▽
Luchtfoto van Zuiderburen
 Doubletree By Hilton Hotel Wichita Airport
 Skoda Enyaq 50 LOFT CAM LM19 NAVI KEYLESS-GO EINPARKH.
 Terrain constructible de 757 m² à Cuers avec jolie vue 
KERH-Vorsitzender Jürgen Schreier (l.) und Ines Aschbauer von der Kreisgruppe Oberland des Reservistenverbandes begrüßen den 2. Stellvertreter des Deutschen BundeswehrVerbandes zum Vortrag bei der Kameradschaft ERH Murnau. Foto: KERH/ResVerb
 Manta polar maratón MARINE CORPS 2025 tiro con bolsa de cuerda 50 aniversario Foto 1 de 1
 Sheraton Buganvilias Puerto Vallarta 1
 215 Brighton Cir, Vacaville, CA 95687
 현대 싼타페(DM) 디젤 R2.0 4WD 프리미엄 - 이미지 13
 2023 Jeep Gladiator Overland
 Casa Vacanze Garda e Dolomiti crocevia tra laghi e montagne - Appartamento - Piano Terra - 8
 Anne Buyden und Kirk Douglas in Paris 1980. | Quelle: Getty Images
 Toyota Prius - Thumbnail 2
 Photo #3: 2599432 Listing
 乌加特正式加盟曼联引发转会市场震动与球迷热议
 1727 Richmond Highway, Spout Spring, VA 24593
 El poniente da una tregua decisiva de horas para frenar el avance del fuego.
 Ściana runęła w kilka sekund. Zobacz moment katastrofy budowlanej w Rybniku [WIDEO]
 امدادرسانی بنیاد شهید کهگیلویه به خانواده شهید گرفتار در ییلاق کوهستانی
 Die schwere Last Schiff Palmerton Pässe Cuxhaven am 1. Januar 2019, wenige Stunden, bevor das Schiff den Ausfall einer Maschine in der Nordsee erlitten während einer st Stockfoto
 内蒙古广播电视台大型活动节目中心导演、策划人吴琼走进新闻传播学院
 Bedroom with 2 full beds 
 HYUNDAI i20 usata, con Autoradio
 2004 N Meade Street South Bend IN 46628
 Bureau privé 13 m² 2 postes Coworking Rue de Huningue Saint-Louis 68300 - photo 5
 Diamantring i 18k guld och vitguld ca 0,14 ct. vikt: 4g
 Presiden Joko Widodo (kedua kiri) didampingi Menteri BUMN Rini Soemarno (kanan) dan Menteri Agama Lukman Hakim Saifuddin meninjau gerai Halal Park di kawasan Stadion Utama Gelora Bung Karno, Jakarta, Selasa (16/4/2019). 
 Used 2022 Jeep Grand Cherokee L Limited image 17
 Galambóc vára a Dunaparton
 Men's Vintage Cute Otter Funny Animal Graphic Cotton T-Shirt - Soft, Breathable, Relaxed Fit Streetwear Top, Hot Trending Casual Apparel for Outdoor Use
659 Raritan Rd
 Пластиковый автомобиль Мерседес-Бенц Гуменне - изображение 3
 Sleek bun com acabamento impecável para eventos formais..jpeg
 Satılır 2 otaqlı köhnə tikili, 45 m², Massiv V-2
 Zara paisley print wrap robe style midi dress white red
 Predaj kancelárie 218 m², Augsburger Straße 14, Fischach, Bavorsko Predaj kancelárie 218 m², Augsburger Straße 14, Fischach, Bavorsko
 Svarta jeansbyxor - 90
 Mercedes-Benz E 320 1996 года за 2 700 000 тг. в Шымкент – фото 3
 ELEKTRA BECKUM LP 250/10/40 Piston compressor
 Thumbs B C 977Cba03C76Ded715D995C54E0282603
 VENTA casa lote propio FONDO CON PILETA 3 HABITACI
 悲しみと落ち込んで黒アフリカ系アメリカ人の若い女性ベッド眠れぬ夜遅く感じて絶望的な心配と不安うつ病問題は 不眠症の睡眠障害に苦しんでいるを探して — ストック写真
△
Problem details: Could you show every line of the listing that holds the string "Jeep"?

Answer section:
 2023 Jeep Gladiator Overland
 Used 2022 Jeep Grand Cherokee L Limited image 17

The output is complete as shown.